さらに、相続登記を3年以内に行わなかった相続人に対しては、罰則も設けられました。

相続登記の義務化は、
いつの相続から適用されるのか

令和6年4月1日から開始された相続登記の義務化ですが、令和6年4月1日より前に開始した相続にも適用されますので注意が必要です。

令和6年4月1日より前に開始した相続により不動産を取得した相続人は、令和9年3月31日までに相続登記を申請することが義務付けられています。

相続登記の義務は誰に課されるのか

それでは、相続登記の義務は誰が負うのでしょうか?

相続登記の義務は、「不動産を取得した相続人」に課されます。

よって、法定相続分により、不動産を取得した場合には相続人全員に課されることになります。

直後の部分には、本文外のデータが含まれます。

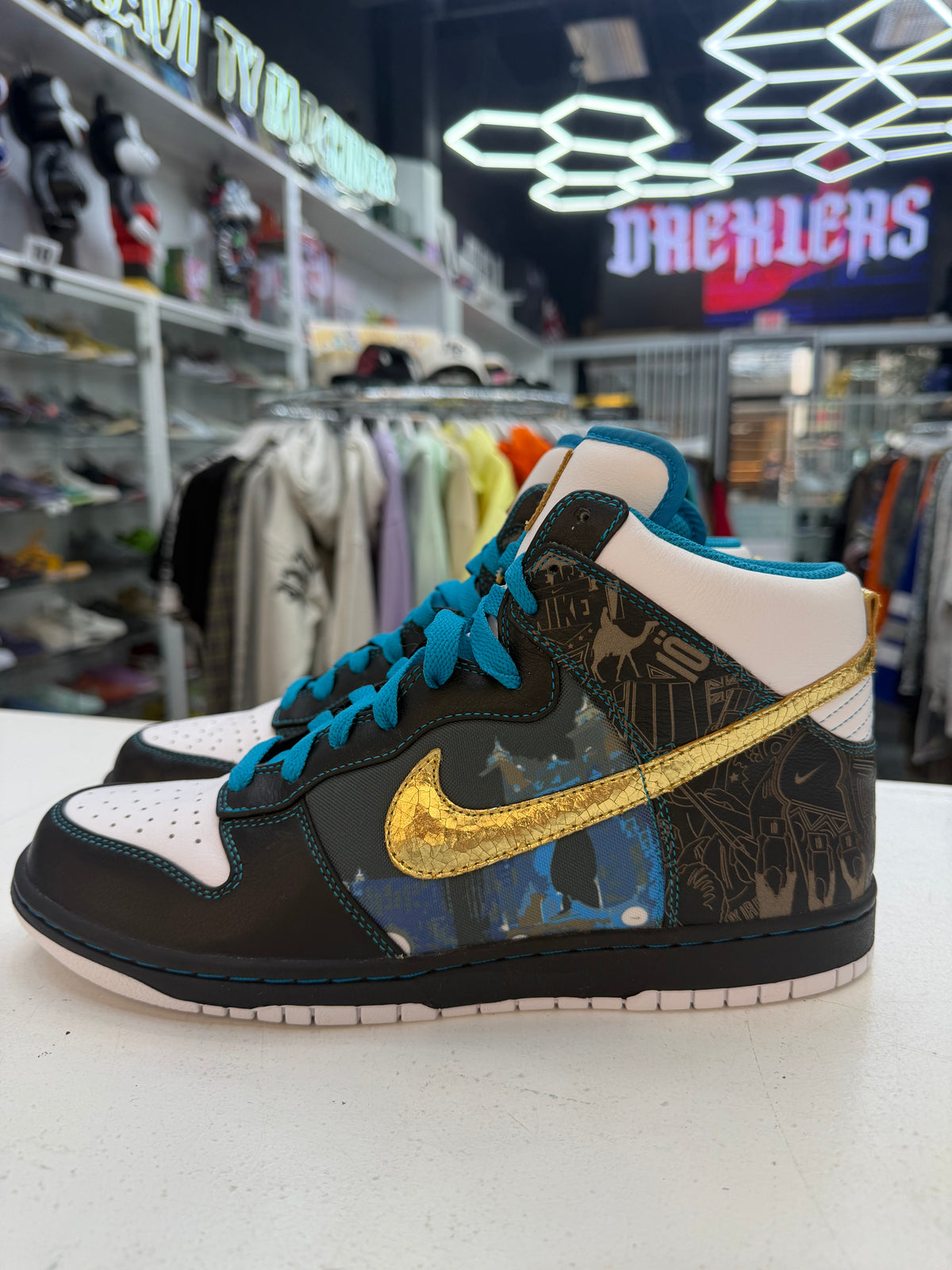 Nike Dunk High Dubai 1/300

遺産分割協議により、不動産を特定の相続人が取得するとした場合は、その相続人に義務が課されることになります。

なお、相続により不動産を取得しなかった相続人には相続登記の義務は課されません。

相続登記の義務化の罰則の内容

相続登記の義務化には、罰則が設けられました。

その内容は、「不動産を取得した」相続人が、不動産を取得したことを知った日から「3年以内」の相続登記を怠った場合には、10万円以下の「過料」が科されるというものです。

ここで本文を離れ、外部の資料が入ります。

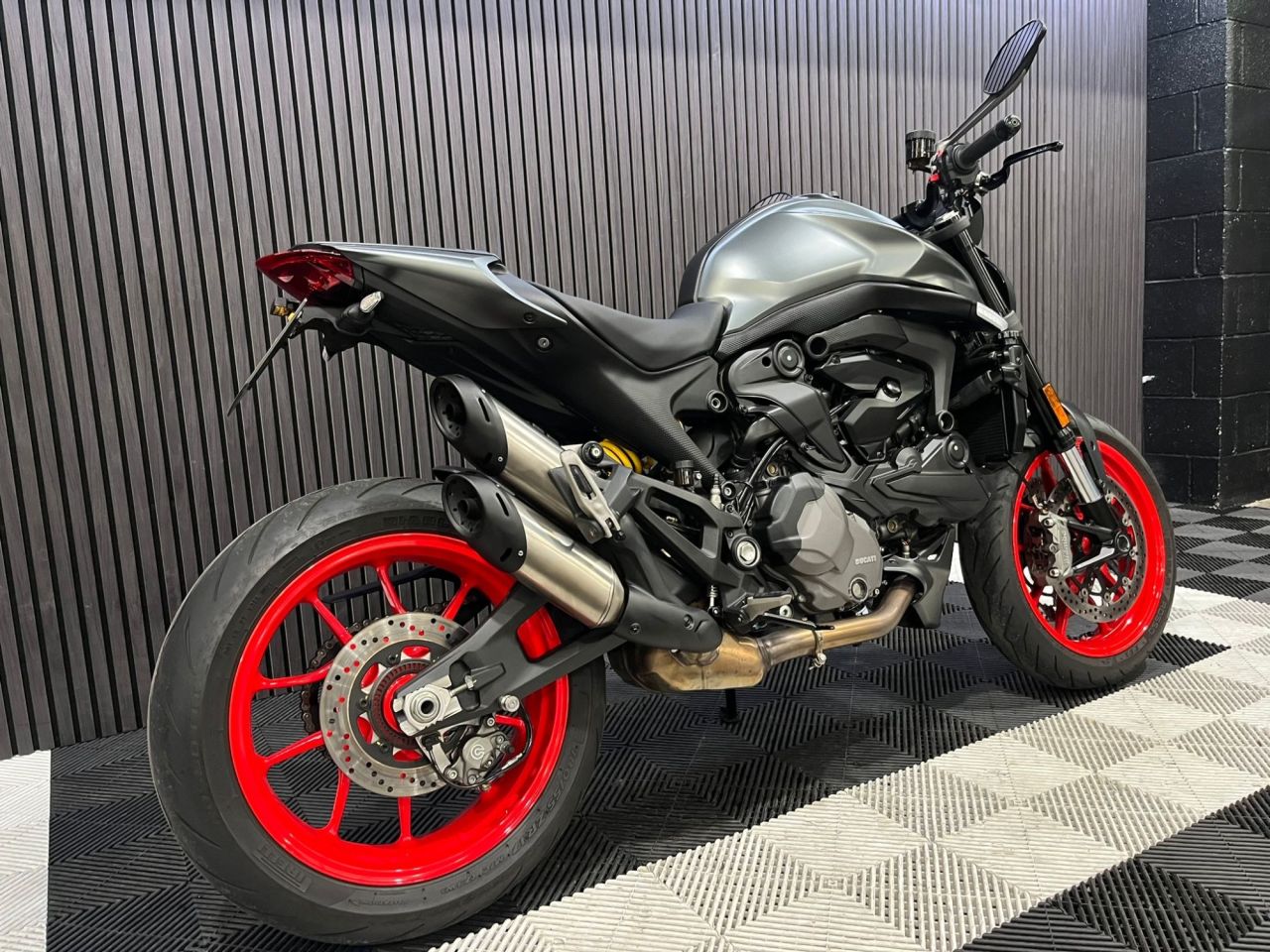 Used Ducati Monster 937 for sale - 78640131: Photo 4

なお、「過料」とは、行政処分であり、刑罰である「罰金」とは異なります。

過料により、不動産を没収されたりすることはありませんので、ご安心ください。

しかし、相続登記を放置してよいというわけではありませんので、「過料」を科されないように早めに相続登記を申請しましょう。

ところで、次のような「正当な事由」がある場合は罰則は適用されません。

①相続人が極めて多数でありかつ、戸籍等の収集や他の相続人の把握に多くの時間を要する場合

②遺言の有効性や遺産の範囲等が相続人などの間で争われているため、相続不動産の所有者が明らかにならない場合

③相続登記の義務を負う者自身に重病などの事情がある場合

④相続の登記義務を負う者がDV防止法 に規定する被害者等であり、生命・心身に危害が及ぶおそれがある状態にあって避難を余儀なくされている場合

⑤相続登記の義務を負う者が経済的に困窮しているために、登記の申請を行うために要する費用を負担する能力がない場合

※「正当な事由」は、あくまでも例外的な取り扱いであることに注意する必要があります。

相続人申告登記制度とは

それでも様々な理由から相続登記の義務を履行できない相続人のために、相続登記の義務化開始にあわせて、相続人申告登記制度が規定されました。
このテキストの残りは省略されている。